'''
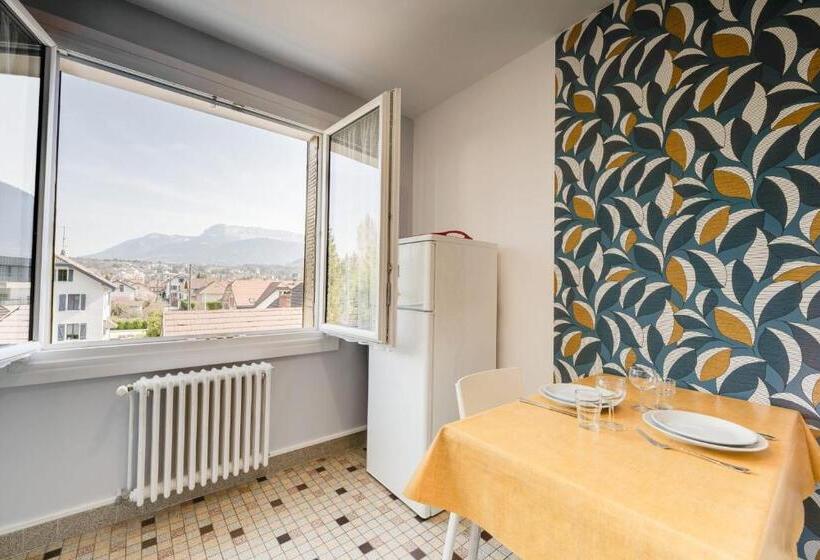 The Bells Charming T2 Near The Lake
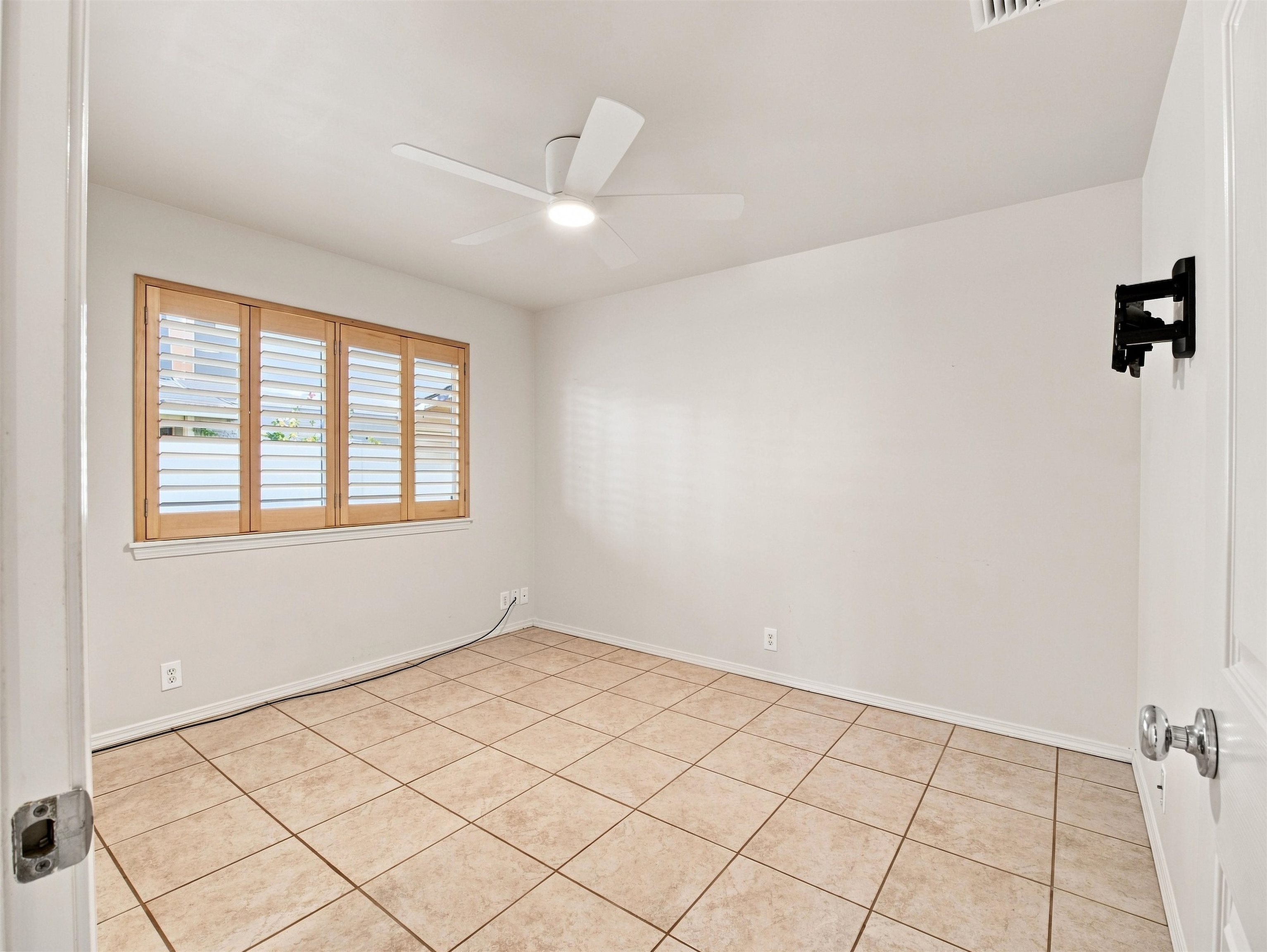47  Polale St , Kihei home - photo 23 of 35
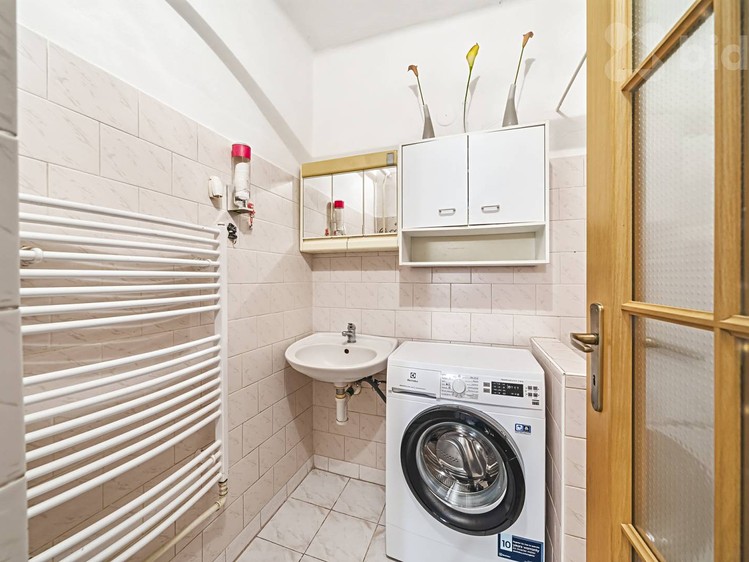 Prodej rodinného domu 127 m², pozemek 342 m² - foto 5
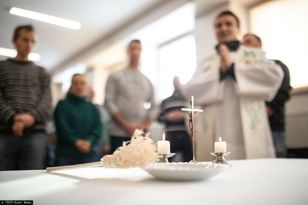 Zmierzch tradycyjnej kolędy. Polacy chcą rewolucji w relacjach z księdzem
'''
'''
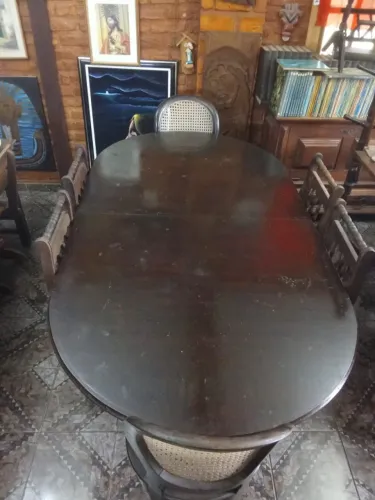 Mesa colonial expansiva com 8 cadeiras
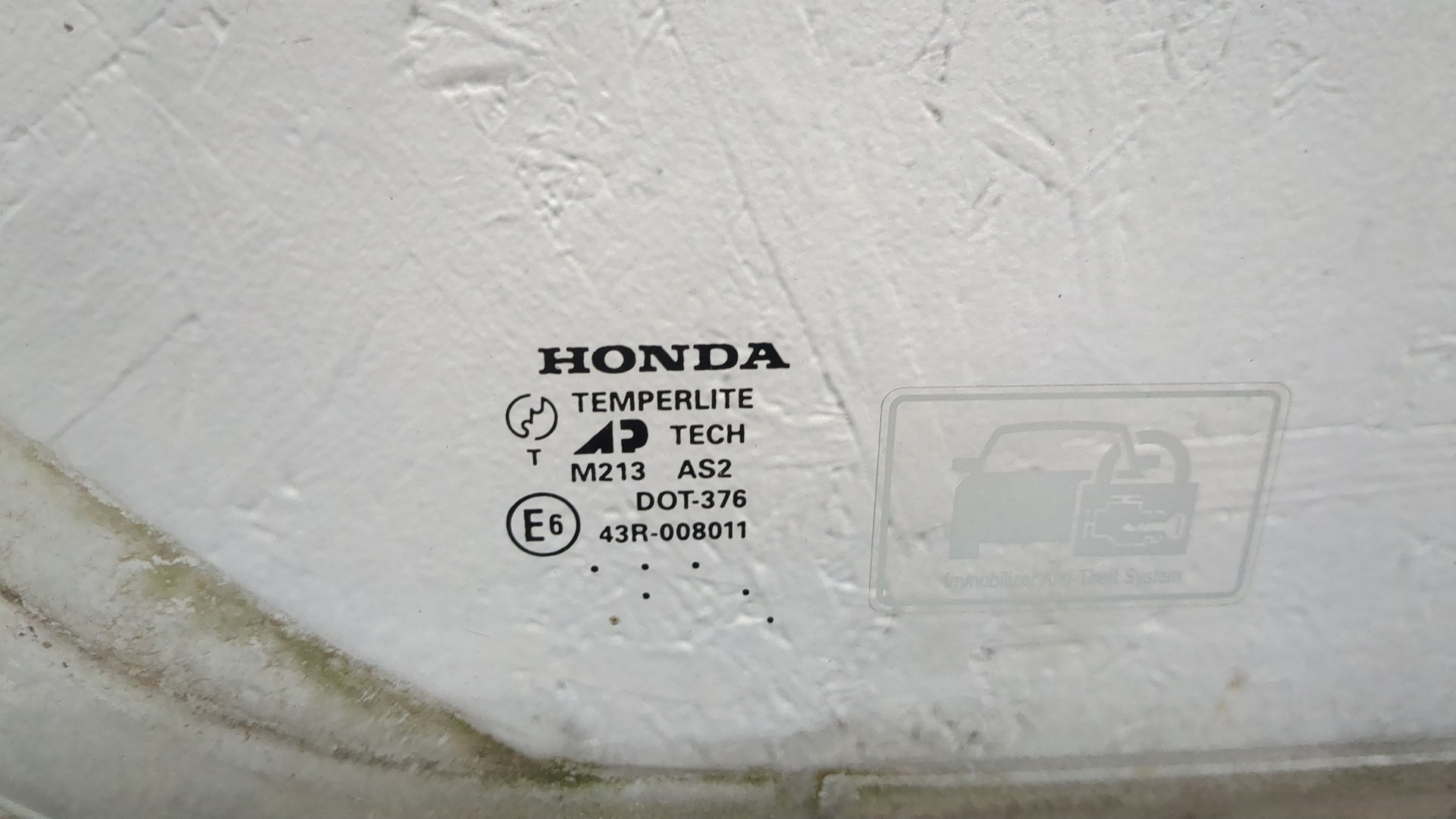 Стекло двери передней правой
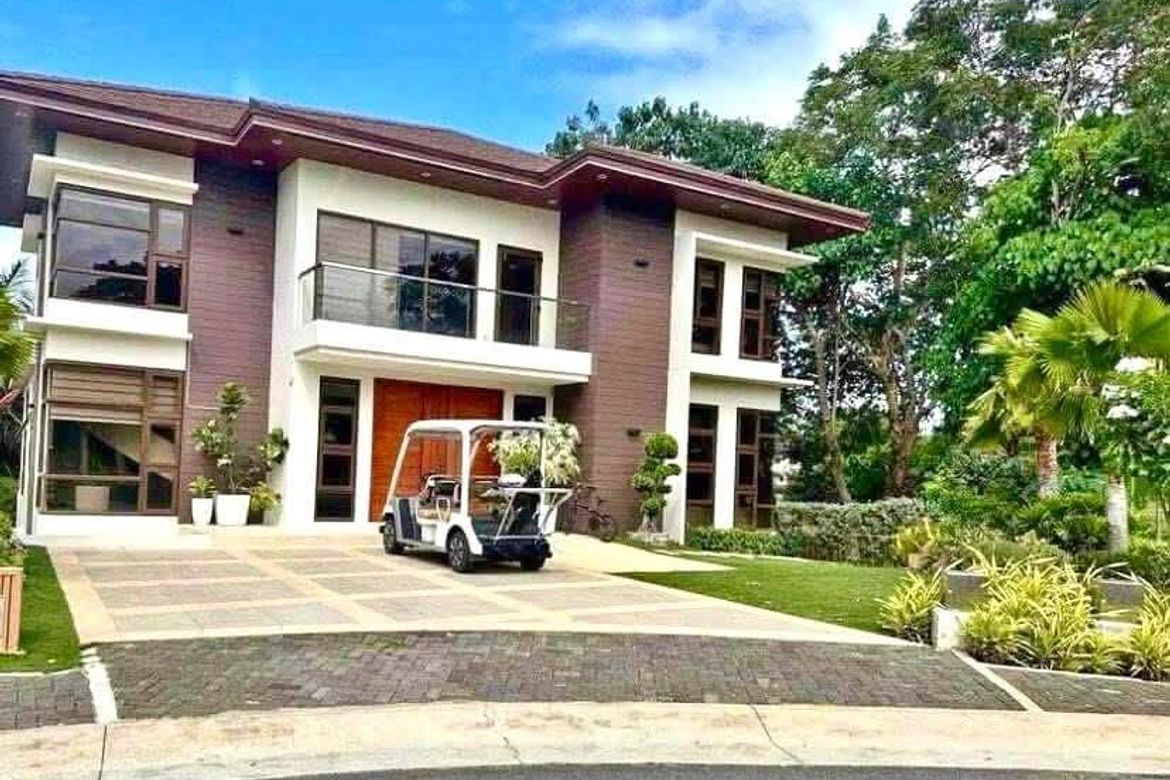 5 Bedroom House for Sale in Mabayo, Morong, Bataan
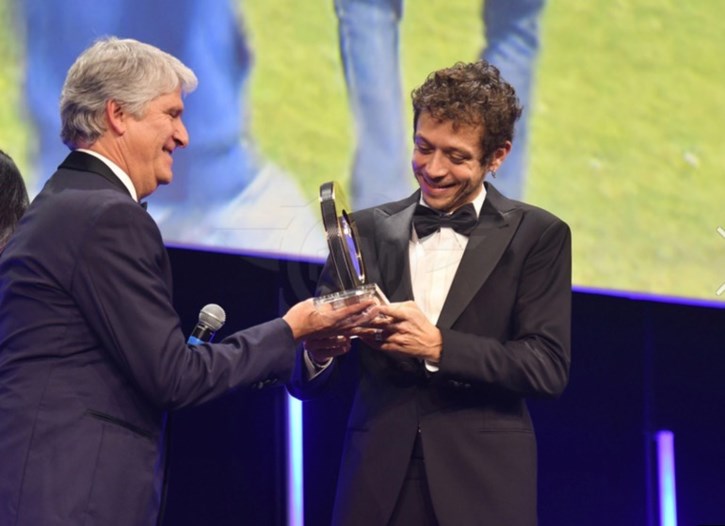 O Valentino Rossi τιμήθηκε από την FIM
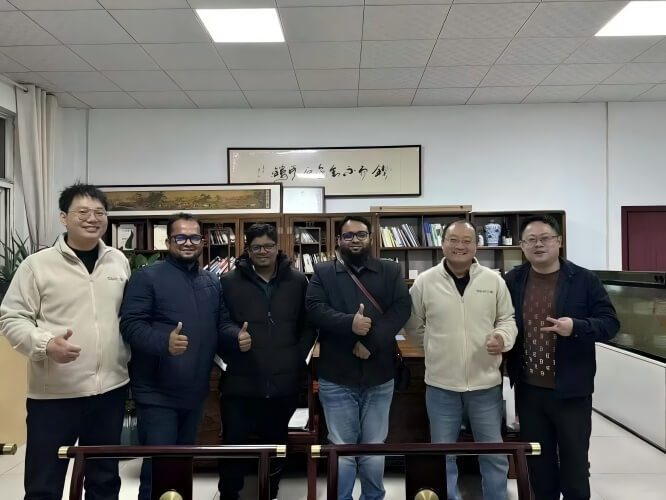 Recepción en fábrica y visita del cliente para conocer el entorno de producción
'''
WORK TO COMPLETE —
Please set down, exactly and with no pictures, the lines in the entries above starting at the one holding "The Bells Charming T2 Near The Lake" and ending at the one holding "Zmierzch tradycyjnej kolędy.", ends included.

EXERCISE RESPONSE —
 The Bells Charming T2 Near The Lake
47  Polale St , Kihei home - photo 23 of 35
 Prodej rodinného domu 127 m², pozemek 342 m² - foto 5
 Zmierzch tradycyjnej kolędy. Polacy chcą rewolucji w relacjach z księdzem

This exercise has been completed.